今、日本全国各地で「イトーヨーカドー」が閉店していますが、函館市も例外ではなく市内そして道南地域に唯一1店舗だけだったヨーカドーが1年くらい前に閉店し、ようやく新しい商業施設「グランディールイチイ」がオープンしたのです。
函館市を訪れたかたは分かると思いますが、夜景が見られる函館山周辺は観光地になっていて、実際に市民が多く住むエリアは観光地から北上したエリアである「旧亀田市」エリアになります。
そのエリアの東西に渡って産業道路が通っているのですが、その産業道路沿いにこの「グランディールイチイ」があり、隣には「ドン・キホーテ」が建っています。
まぁ、割と賑やかな感じのところにこれらの商業施設が建っているわけです。
1階にスーパーの「トライアル」が入っていて、階数は全部で3階建てです。
そして、都会で暮らしている人たちからすると「はぁ?」となるかもしれませんが、函館市内そして道南地域で初の「サイゼリヤ」が1階に入ります。
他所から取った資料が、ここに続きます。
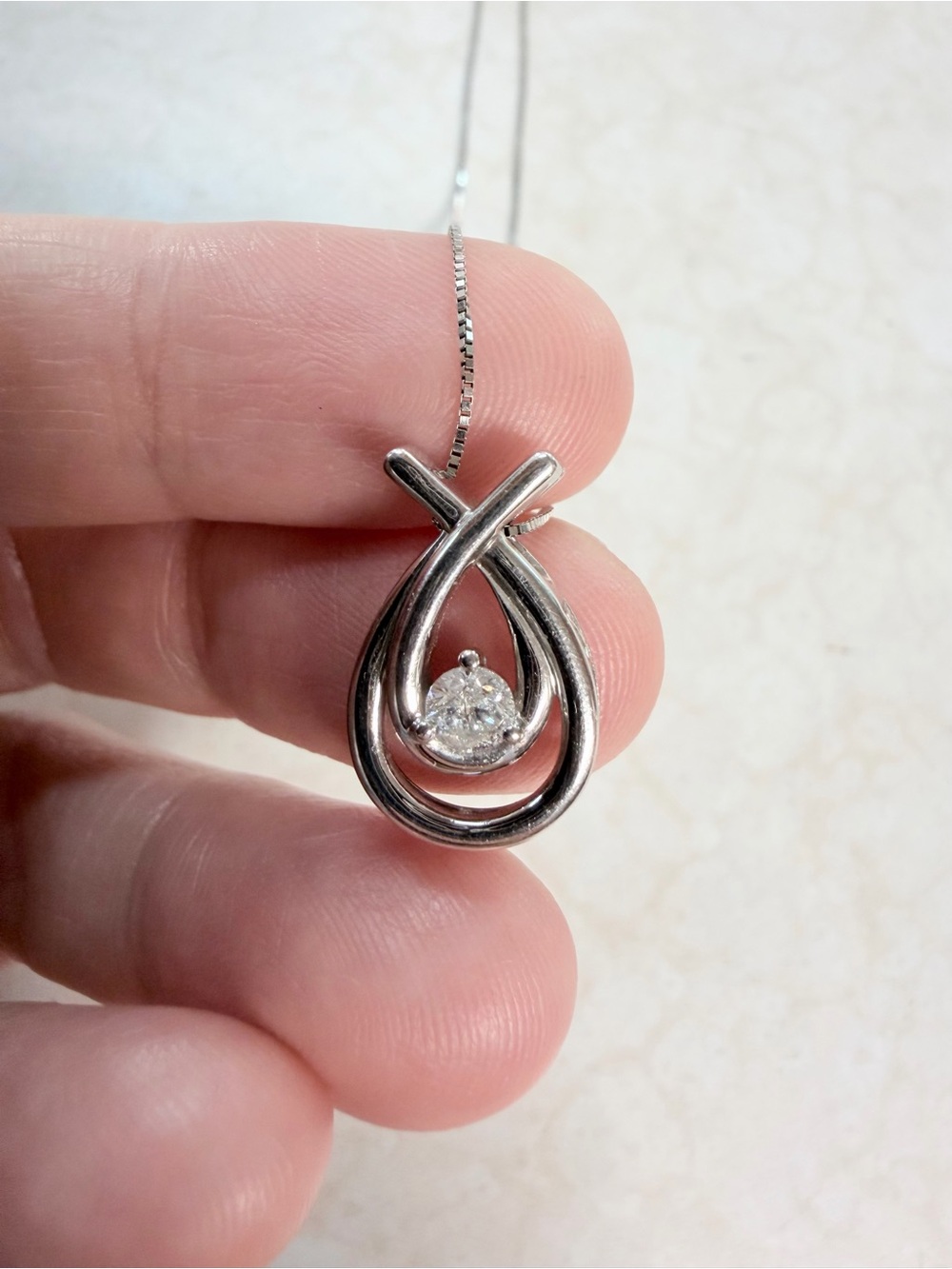 10k Solid Gold Teardrop Diamond Pendant Necklace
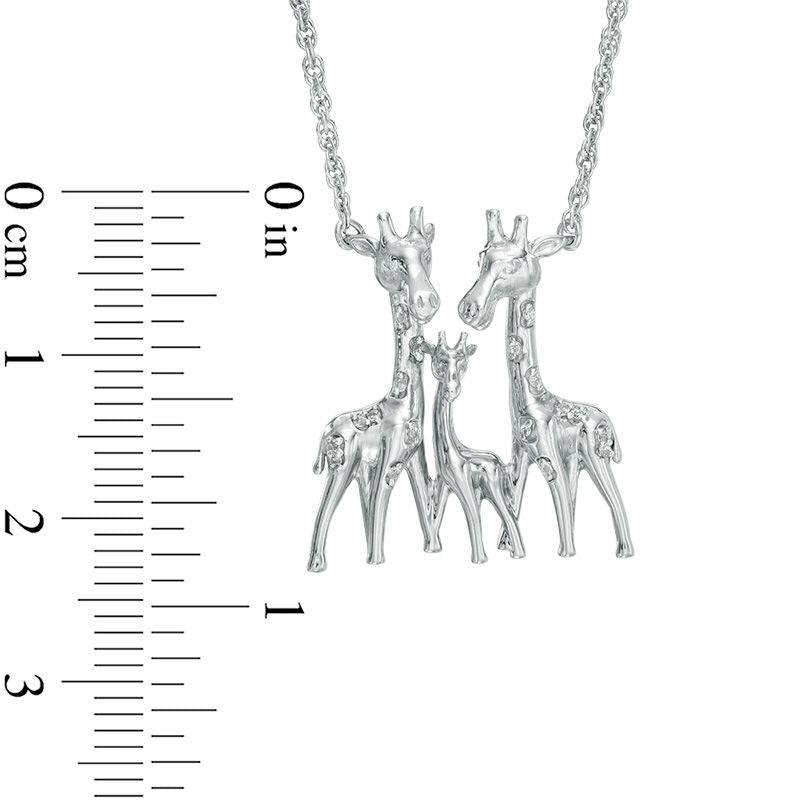 0.05 CT. T.W. Natural Diamond Accent Giraffe Family Necklace in Sterling Silver - 17"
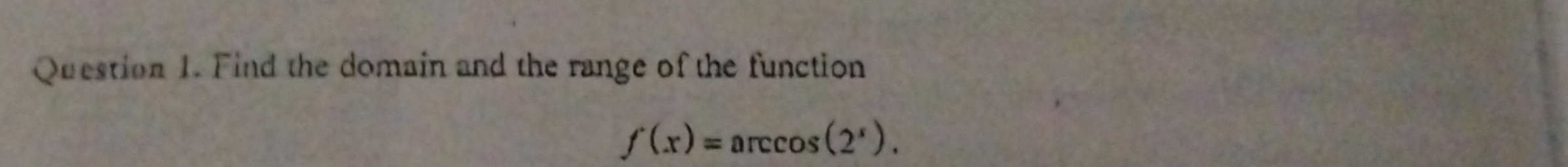 Find the domain and the range of the function
f(x)=arccos (2^x).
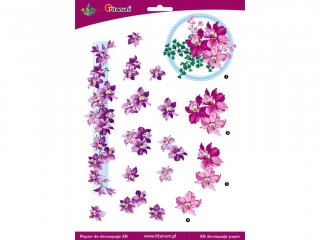 Papier do decoupage 3D kwiaty clematis 1 arkusz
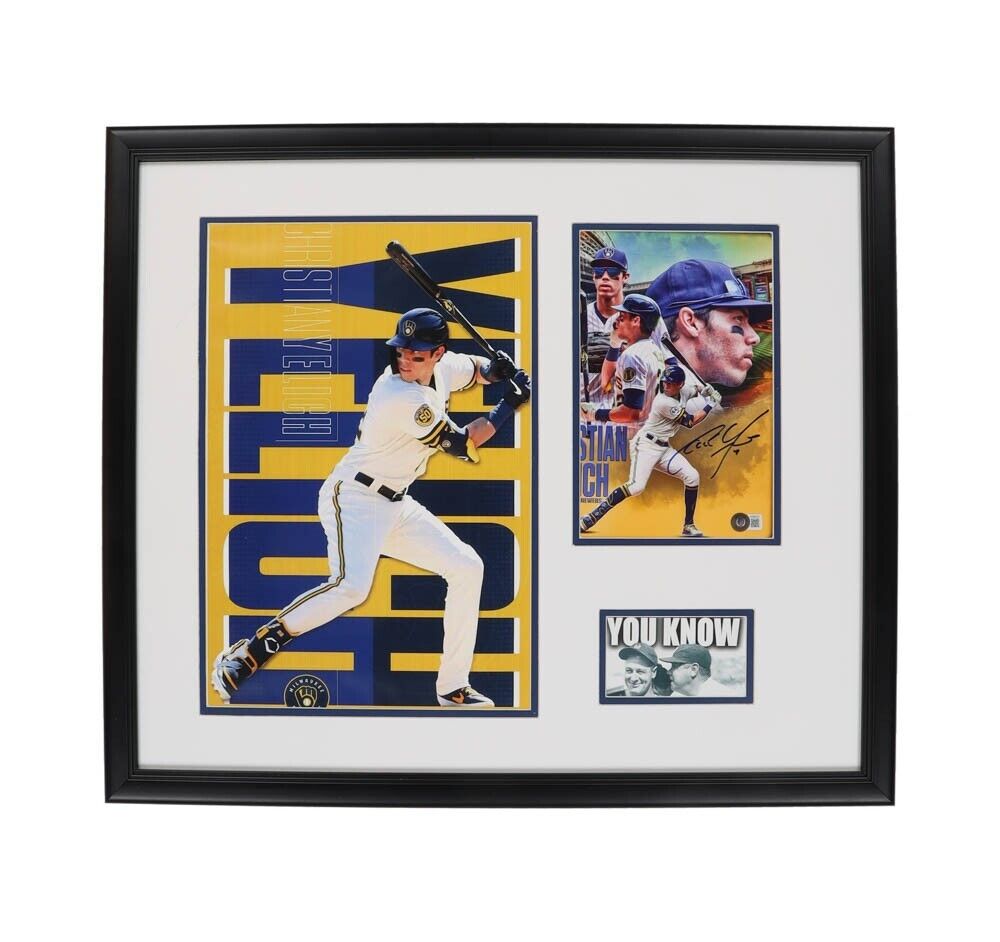 Christian Yelich Signed Milwaukee Brewer Framed Photo Display / Beckett 2018 MVP
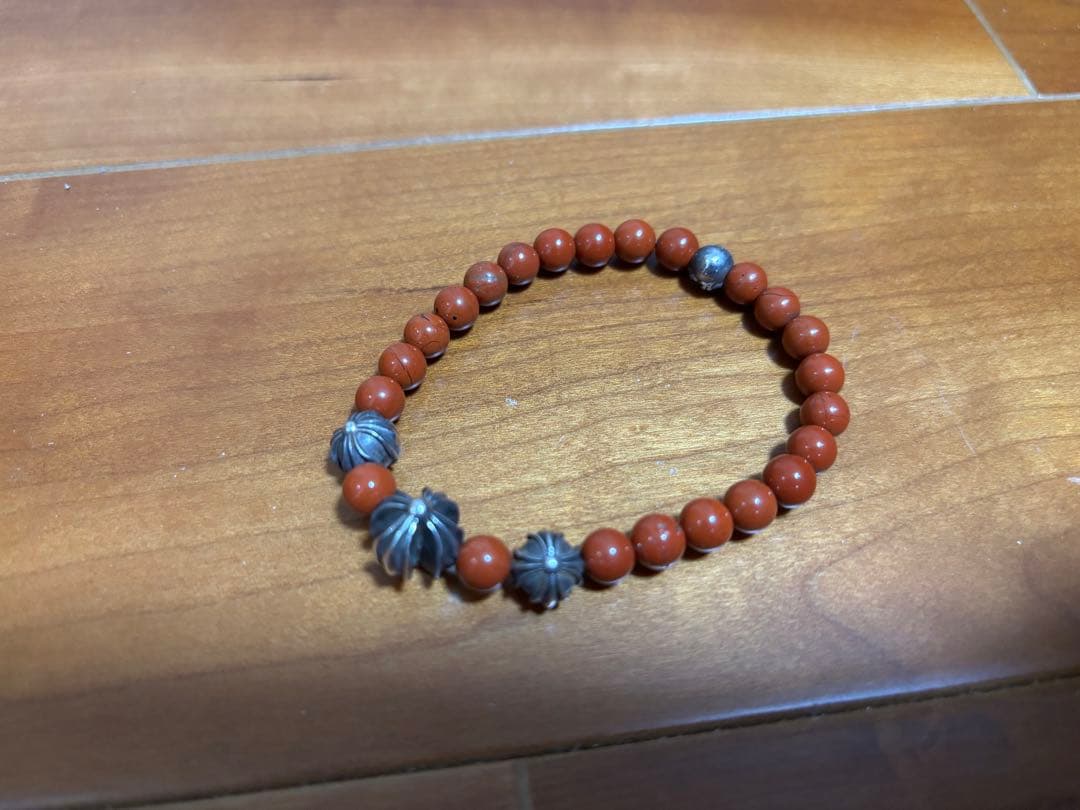 クロムハーツ　6mm ビーズブレスレット　レッド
ただ、サイゼリヤは今月の月末オープンなので、お店はまだ開店していません。
というわけで、本日ようやくこの新しい施設へと行ってみました。
各階ともまだテナントが入っていなかったり、オープンしていなかったりで少し歯抜けな感じがしましたね。
というより、全然寂れていました。
時間も平日の18時半くらいの時間だったのに、ビルの中は人がガラガラで、「トライアル」も食品や総菜が品薄な感じでした。
正直なところ、もう少し全体的に活気があるイメージをしていたので、驚きの方が強かったかもしれません。
まだオープンから1カ月も経っていないのに・・。
でも、これが人口が減り続けている地方都市の現実かもしれませんね。
函館市が今、一番力を入れようと画策しているのはなんだと思いますか?
「新幹線の函館駅乗り入れ」です。
そう、北海道新幹線が停まる駅は、「新函館北斗駅」という隣の北斗市にある駅なのです。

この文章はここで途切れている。